Bursts _are_ an extreme example. The current prices being higher due to inflation, better quality materials, different specs, higher material costs, etc. does not mean that a 10-15 year old MIM has also gone up in value. That guitar has not improved, it is not worth more.

I currently have an ES-335 for sale. I priced it based on what it sold for when I bought it, not what they sell for now.

By your argument, the 2005 Ford Taurus that I gor rif of after buying my Cherokee should have been worth more than what it cost new just because the price of new cars has increased.


----------



## 2manyGuitars

colchar said:


> By your argument, the 2005 Ford Taurus that I gor rif of after buying my Cherokee should have been worth more than what it cost new just because the price of new cars has increased.


The car argument doesn’t equate because a guitar, under normal use, will not deteriorate over the years the way a vehicle does.



colchar said:


> The current prices being higher due to inflation, better quality materials, different specs, higher material costs, etc. does not mean that a 10-15 year old MIM has also gone up in value. That guitar has not improved, it is not worth more.
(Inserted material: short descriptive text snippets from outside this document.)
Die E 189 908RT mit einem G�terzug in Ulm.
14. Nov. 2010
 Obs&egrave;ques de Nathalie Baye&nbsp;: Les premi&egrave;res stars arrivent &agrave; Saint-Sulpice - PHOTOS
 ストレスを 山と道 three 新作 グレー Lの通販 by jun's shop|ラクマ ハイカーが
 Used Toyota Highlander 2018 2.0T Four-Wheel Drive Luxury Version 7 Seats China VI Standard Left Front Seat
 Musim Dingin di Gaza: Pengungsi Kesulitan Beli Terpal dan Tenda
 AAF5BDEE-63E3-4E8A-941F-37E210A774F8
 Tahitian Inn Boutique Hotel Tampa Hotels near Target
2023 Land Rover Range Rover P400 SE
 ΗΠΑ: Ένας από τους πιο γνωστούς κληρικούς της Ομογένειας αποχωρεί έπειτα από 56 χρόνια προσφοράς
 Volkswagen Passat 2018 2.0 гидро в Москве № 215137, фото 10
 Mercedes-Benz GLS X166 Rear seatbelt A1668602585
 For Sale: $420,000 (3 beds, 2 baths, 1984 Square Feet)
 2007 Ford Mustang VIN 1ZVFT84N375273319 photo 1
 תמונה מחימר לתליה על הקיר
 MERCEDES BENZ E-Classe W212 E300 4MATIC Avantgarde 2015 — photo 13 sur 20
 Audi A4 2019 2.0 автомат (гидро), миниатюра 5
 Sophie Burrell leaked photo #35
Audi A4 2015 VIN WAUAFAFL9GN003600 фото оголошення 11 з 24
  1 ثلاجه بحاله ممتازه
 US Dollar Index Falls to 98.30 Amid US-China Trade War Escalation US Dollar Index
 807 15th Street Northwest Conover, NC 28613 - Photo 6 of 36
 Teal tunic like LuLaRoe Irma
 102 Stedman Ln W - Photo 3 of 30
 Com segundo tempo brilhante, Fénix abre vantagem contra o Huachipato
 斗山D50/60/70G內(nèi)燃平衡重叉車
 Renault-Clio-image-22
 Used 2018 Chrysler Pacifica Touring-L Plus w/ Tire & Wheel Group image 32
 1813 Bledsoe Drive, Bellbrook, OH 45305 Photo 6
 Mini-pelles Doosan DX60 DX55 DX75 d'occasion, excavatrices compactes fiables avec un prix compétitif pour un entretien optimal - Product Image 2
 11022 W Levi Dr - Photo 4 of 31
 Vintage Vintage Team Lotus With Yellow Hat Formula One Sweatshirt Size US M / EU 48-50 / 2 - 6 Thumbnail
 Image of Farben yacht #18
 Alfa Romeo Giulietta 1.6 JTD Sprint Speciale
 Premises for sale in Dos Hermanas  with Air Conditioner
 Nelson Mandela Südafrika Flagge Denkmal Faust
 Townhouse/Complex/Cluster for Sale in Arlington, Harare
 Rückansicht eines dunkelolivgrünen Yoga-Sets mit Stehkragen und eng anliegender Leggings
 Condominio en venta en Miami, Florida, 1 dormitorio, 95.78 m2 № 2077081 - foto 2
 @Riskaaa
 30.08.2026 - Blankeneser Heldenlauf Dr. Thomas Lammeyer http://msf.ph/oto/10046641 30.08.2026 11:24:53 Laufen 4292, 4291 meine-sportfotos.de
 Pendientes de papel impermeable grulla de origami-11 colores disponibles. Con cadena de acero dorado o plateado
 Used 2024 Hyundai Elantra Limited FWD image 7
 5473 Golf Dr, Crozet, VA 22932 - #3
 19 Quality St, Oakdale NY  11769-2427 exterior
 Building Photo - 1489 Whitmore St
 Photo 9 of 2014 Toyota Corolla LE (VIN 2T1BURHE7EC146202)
So then, what about that 15 year-old Les Paul in my example? Inflation, higher material costs, etc., “does not mean that a 10-15 year old LP Standard has also gone up in value”. That guitar has also not improved and “is not worth more”.

...except that it _is_.
“Worth” is a subjective term but it will certainly _sell_ for more.

And also, your 335 may not be a fair comparison since it’s a 2016. If it were a 15 year-old model, it would likely be selling for more than the new price from 2005. Certainly waaay more than what someone would have paid used 10 years ago. I guarantee you wouldn’t be selling it based on 2005 prices.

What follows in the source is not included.